As mentioned before, we have to click on a link in order to see the data after logging in. So now, how do we look for this link?
If you are on Chrome (or Chromium even) or Firefox, if you press Control-Shift-C you will see a window show up in the browser. Then click on the “Inspector” tab. Or you can directly go there by right-clicking anywhere on the page, then by selecting the “Inspect element” menu. This shows us the elements and tree of the HTML document. We can see that the link (aka the anchor or <a> tag) is inside a <p> tag. So our path is basically p > a. Interpret it as "go-to a from p". Now we have two options. We can either use CSS Selectors or XPath. XPath is very powerful and has a lot of functionality. However, CSS Selectors can get the job done perfectly and are far more simple. So for this tutorial, we will use CSS Selectors.
To select an <a> tag inside the <p> tag, we can simply use the selector string p a. This will select all the paragraph tags anchor children (both direct and indirect). But we want direct children here. So we use p > a. To get an attribute of a selected tag in CSS Selector, we use a "pseudo-element selector" called attr() and pass the name inside the parentheses of the attribute whose value we are interested in.

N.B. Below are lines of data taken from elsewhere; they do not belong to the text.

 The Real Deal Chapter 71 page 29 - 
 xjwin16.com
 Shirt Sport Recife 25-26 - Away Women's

We use double colons to specify that we are using a "pseudo-element selector". So the selector string is, "p > a::attr(href)" and now we pass this as the first argument of the response object’s css method (which tages a CSS Selector and returns all the selected elements aka a selection). To get the first value off of this, we use the get method of selection. There is also a method called extract for selection objects but that will return a list of all the values from all the elements of the selection, which we don’t want right now.

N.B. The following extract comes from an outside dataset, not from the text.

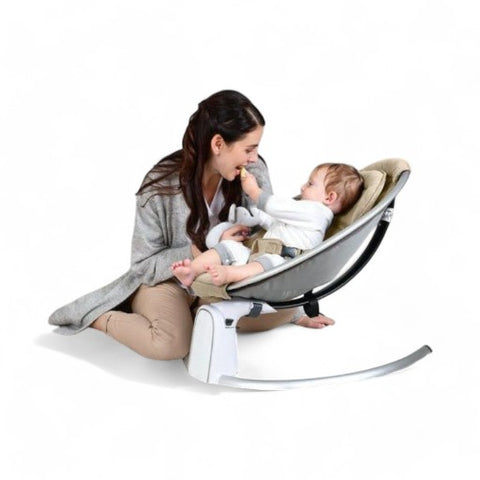MOTHER CARE 3 IN 1 Baby Rocker 8016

I hope now you can understand what was going on in line 15.
Then as usual, we yield a request object using response.follow with the appropriate values (url and callback function).
parse_data Method
Now you know most of Scrapy. But how do we export the data? Well, for that, we either yield a dictionary or a Scrapy Item. But I prefer using a dictionary for this tutorial.

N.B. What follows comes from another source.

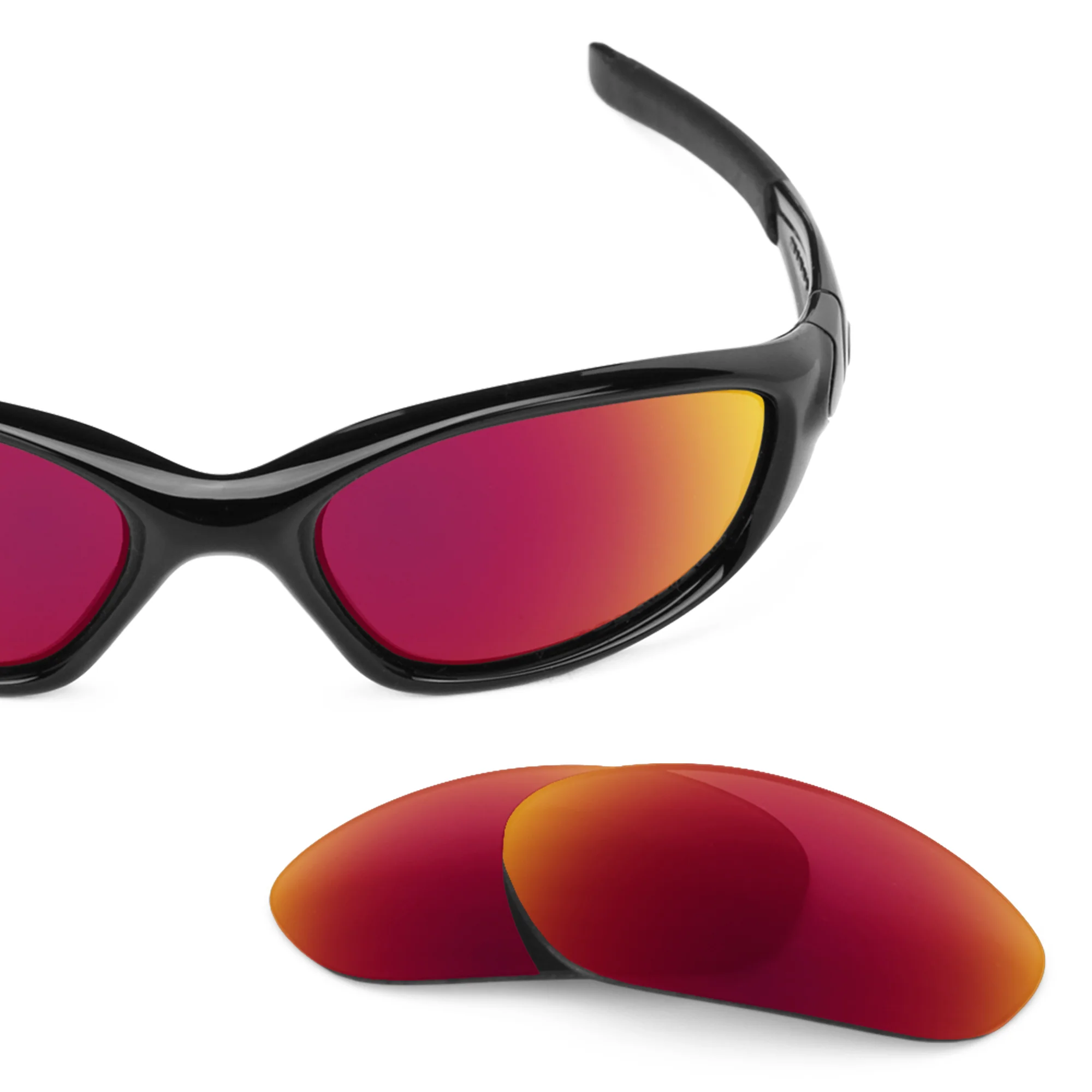 Revant Replacement Lenses for Oakley Minute 2.0 - Image 8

Notice that in the for loop, we have iterated over a selection object. The selection the object is essentially a list and its elements also have the css method and can use selectors inside on their children. This is what we did in line 35. Then in the dictionary, we extracted text from all the <td> selections by using the pseudo selector text and calling the get method on it. However, in the value of the food key, we used a list comprehension. This is because there was a <br> tag at the end of the body of the <td> which will yield an empty string (because tags and texts are treated separately. I would recommend you to play and ponder with selectors).
Running the spider
As mentioned before, we left the web app running. Now, we will first list all spiders available using the following command:
scrapy list
We can see that the countryfood spider is listed. Now we are good to go! Enter the following command to run the spider:
scrapy crawl countryfood -L WARN -o -:jl
Here, the command crawl tells Scrapy to start a spider. The -L option sets the log level from debug to WARN. This is helpful because otherwise, Scrapy will produce a lot of log output including the items it has scraped. the -o option specifies the output file and format. Here, -:jl is a value passed for the -o option which is saying that set the output file to stdout and format to JSON lines. And the colon is separating these two values. Usually, we use JSON lines instead of JSON because, if it produces a lot of output, JSON will not scale very well.